Wenwu Yang, Jinyi Yu, Tuo Chen, Zhenguang Liu, Xun Wang, Jianbing Shen

TL;DR

This work tackles robust facial expression recognition by addressing the sensitivity of triplet loss to the margin threshold. It introduces multi-threshold deep metric learning (Mul-DML), which partitions the embedding into $N$ slices and jointly trains each slice with a differently sampled threshold from $[\tau_{min},\tau_{max}]$, thereby harvesting diverse expression-feature representations. A Dual Triplet Loss is proposed to combat incomplete judgements and accelerate convergence, enabling end-to-end training within the standard triplet-learning framework. Empirical results on CK+, MMI, SFEW, and RAF-DB show consistent improvements over baselines and state-of-the-art methods, with high accuracy on CK+ ($98.49\%$) and strong performance in real-world settings, demonstrating the practical impact of multi-threshold embeddings for FER.

Abstract

Effective expression feature representations generated by a triplet-based deep metric learning are highly advantageous for facial expression recognition (FER). The performance of triplet-based deep metric learning is contingent upon identifying the best threshold for triplet loss. Threshold validation, however, is tough and challenging, as the ideal threshold changes among datasets and even across classes within the same dataset. In this paper, we present the multi-threshold deep metric learning technique, which not only avoids the difficult threshold validation but also vastly increases the capacity of triplet loss learning to construct expression feature representations. We find that each threshold of the triplet loss intrinsically determines a distinctive distribution of inter-class variations and corresponds, thus, to a unique expression feature representation. Therefore, rather than selecting a single optimal threshold from a valid threshold range, we thoroughly sample thresholds across the range, allowing the representation characteristics manifested by thresholds within the range to be fully extracted and leveraged for FER. To realize this approach, we partition the embedding layer of the deep metric learning network into a collection of slices and model training these embedding slices as an end-to-end multi-threshold deep metric learning problem. Each embedding slice corresponds to a sample threshold and is learned by enforcing the corresponding triplet loss, yielding a set of distinct expression features, one for each embedding slice. It makes the embedding layer, which is composed of a set of slices, a more informative and discriminative feature, hence enhancing the FER accuracy. Extensive evaluations demonstrate the superior performance of the proposed approach on both posed and spontaneous facial expression datasets.

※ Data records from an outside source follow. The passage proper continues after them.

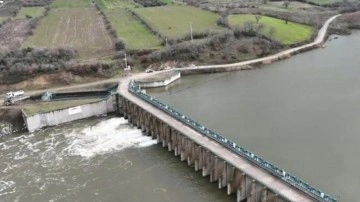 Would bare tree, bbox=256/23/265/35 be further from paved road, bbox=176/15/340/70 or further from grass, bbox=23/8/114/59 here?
grass, bbox=23/8/114/59

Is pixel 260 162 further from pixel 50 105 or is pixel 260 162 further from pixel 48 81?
pixel 48 81

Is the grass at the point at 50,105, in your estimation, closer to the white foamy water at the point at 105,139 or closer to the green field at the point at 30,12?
the white foamy water at the point at 105,139

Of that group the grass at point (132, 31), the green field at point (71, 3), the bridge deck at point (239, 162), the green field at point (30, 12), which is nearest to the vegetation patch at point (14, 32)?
the green field at point (30, 12)

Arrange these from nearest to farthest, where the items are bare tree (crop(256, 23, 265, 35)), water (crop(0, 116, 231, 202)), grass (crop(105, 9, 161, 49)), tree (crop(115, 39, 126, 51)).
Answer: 1. water (crop(0, 116, 231, 202))
2. tree (crop(115, 39, 126, 51))
3. grass (crop(105, 9, 161, 49))
4. bare tree (crop(256, 23, 265, 35))

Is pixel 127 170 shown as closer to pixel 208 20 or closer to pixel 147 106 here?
pixel 147 106

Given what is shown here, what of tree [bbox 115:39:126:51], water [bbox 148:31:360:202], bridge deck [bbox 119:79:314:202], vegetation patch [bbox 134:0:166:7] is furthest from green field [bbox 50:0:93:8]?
bridge deck [bbox 119:79:314:202]

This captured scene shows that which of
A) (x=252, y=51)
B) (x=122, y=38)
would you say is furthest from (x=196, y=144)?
(x=122, y=38) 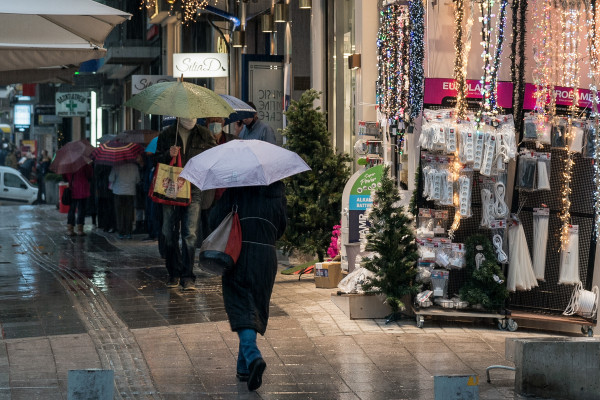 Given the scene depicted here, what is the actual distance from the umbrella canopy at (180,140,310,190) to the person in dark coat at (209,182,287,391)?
0.21 metres

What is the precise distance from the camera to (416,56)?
10.5 m

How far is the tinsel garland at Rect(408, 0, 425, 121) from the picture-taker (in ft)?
34.1

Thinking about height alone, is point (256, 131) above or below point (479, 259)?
above

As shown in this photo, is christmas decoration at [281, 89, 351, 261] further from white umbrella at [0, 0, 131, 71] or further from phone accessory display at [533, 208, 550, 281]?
phone accessory display at [533, 208, 550, 281]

Multi-threshold Deep Metric Learning for Facial Expression Recognition

TL;DR

This work tackles robust facial expression recognition by addressing the sensitivity of triplet loss to the margin threshold. It introduces multi-threshold deep metric learning (Mul-DML), which partitions the embedding into slices and jointly trains each slice with a differently sampled threshold from , thereby harvesting diverse expression-feature representations. A Dual Triplet Loss is proposed to combat incomplete judgements and accelerate convergence, enabling end-to-end training within the standard triplet-learning framework. Empirical results on CK+, MMI, SFEW, and RAF-DB show consistent improvements over baselines and state-of-the-art methods, with high accuracy on CK+ () and strong performance in real-world settings, demonstrating the practical impact of multi-threshold embeddings for FER.

Abstract

Effective expression feature representations generated by a triplet-based deep metric learning are highly advantageous for facial expression recognition (FER). The performance of triplet-based deep metric learning is contingent upon identifying the best threshold for triplet loss. Threshold validation, however, is tough and challenging, as the ideal threshold changes among datasets and even across classes within the same dataset. In this paper, we present the multi-threshold deep metric learning technique, which not only avoids the difficult threshold validation but also vastly increases the capacity of triplet loss learning to construct expression feature representations. We find that each threshold of the triplet loss intrinsically determines a distinctive distribution of inter-class variations and corresponds, thus, to a unique expression feature representation. Therefore, rather than selecting a single optimal threshold from a valid threshold range, we thoroughly sample thresholds across the range, allowing the representation characteristics manifested by thresholds within the range to be fully extracted and leveraged for FER. To realize this approach, we partition the embedding layer of the deep metric learning network into a collection of slices and model training these embedding slices as an end-to-end multi-threshold deep metric learning problem. Each embedding slice corresponds to a sample threshold and is learned by enforcing the corresponding triplet loss, yielding a set of distinct expression features, one for each embedding slice. It makes the embedding layer, which is composed of a set of slices, a more informative and discriminative feature, hence enhancing the FER accuracy. Extensive evaluations demonstrate the superior performance of the proposed approach on both posed and spontaneous facial expression datasets.

Paper Structure

This paper contains 30 sections, 11 equations, 11 figures, 7 tables, 1 algorithm.

Figures (11)

  • Figure 1: For face images (a), the feature distances may be dominated by the identity of the subjects rather than their expression (top of the right column), a problem that can be resolved with deep metric learning (b). In (c), the case of incomplete judgements is depicted, where the anchor is further from the positive than the negative (the dashed arrows), but the constraint imposed by the triplet loss has already been satisfied (the solid arrows), so incomplete judgements are not penalized.
  • Figure 2: The proposed deep metric learning network for FER. It consists of a batch input layer, a deep CNN (ResNet-18 in our implementation), an embedding layer, and a classification layer. Through a linear layer comprised of an embedding matrix $\mathbf{M}$, an embedding feature for the classification of expressions is learned in the embedding layer.
  • Figure 3: Distributions of inter-class variations with respect to the feature embeddings learned by triplet loss learning, where dual triplet loss is used as the loss function and the original images are samples from the facial expression database SFEW Dhall15.
  • Figure 4: The module of the multi-threshold deep metric learning in which the embedding layer is divided into multiple non-overlapping slices and each slice is formulated as a separate triplet loss learning to produce a unique feature embedding $f_i(x)$ with a specific sample threshold $\tau_i$.
  • Figure 5: Cycle of incomplete judgements during training time. In the cycle, the incomplete judgement of the hard triplet $(A, B, C)$ at the current iteration leads to the incomplete judgement of the hard triplet $(B, A, C)$ at the following iteration, and vice versa.